O pelourinho mudou

Wilson Correia

Hoje é sábado. Sinto-me cansado. Não, não é fraqueza física. Apesar de, nos últimos dias, a correria me permitir vir em casa apenas para pernoitar; apesar da papelada atrasada e dos compromissos postergados para atender ao emergencial, minha fadiga é de outra natureza.

Pego-me moralmente acabrunhado. A dorzinha leniente, quase triste, cobre-me como um véu. Entre meu rosto e o mundo coloca-se, acintosamente, o tecido translúcido da indiferença, da fria injustiça, do não pertencimento e do silêncio que não apaga as frestas para o real.
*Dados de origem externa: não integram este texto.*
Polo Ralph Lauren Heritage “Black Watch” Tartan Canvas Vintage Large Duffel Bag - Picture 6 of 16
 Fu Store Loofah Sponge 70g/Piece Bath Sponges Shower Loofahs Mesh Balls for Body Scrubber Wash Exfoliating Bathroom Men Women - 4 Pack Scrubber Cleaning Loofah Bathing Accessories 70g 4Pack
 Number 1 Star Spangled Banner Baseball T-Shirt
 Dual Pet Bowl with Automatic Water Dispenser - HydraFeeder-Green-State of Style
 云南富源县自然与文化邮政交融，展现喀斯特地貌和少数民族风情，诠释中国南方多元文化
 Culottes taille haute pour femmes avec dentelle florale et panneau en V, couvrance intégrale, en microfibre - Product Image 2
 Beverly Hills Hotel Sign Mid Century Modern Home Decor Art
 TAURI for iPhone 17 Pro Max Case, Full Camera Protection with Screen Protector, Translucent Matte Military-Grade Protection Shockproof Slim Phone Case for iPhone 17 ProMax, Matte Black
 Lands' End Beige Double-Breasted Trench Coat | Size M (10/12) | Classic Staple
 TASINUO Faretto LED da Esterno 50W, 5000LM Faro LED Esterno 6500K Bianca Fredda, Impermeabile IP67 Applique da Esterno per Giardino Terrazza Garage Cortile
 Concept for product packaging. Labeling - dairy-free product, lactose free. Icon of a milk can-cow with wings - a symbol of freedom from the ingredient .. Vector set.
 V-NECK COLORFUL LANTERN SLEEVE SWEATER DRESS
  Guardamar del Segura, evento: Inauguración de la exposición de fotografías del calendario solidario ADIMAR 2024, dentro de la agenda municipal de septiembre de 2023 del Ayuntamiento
Devo compactuar com esse “não dizer”? Nunca! Se o fizesse, meu cansaço sairia vitorioso de minhas forças éticas em migalhas. Além disso, se, por conta dessa fragilidade, minha resignação fosse aceita essa entrega viraria fatalismo, coisa em que não devo acreditar.

Arrepia-me saber que os funcionários terceirizados –maxiexplorados do capitalismo cruel– que servem à instituição federal de ensino à qual me encontro filiado tiveram que paralisar suas atividades porque, há mais de dois meses, não recebiam seus salários, necessários ao sal de cada dia (a volta deles ao trabalho não anula a indignação).

Um colega noticia, hoje: “Quero fazer o registro e me solidarizar com os colegas motoristas e porteiros do CFP/UFRB, que há dois meses não recebem seus salários e, por isso, paralisaram suas atividades. Infelizmente, essa lógica selvagem de exploração do trabalho alheio é uma prática recorrente entre empresas terceirizadas que recebem dos órgãos públicos o valor pelos serviços prestados, POR SEUS FUNCIONÁRIOS, mas [que], por falta de gerenciamento e/ou má fé, deixam pais e mães de família sem sua digna remuneração” (Kleber Peixoto).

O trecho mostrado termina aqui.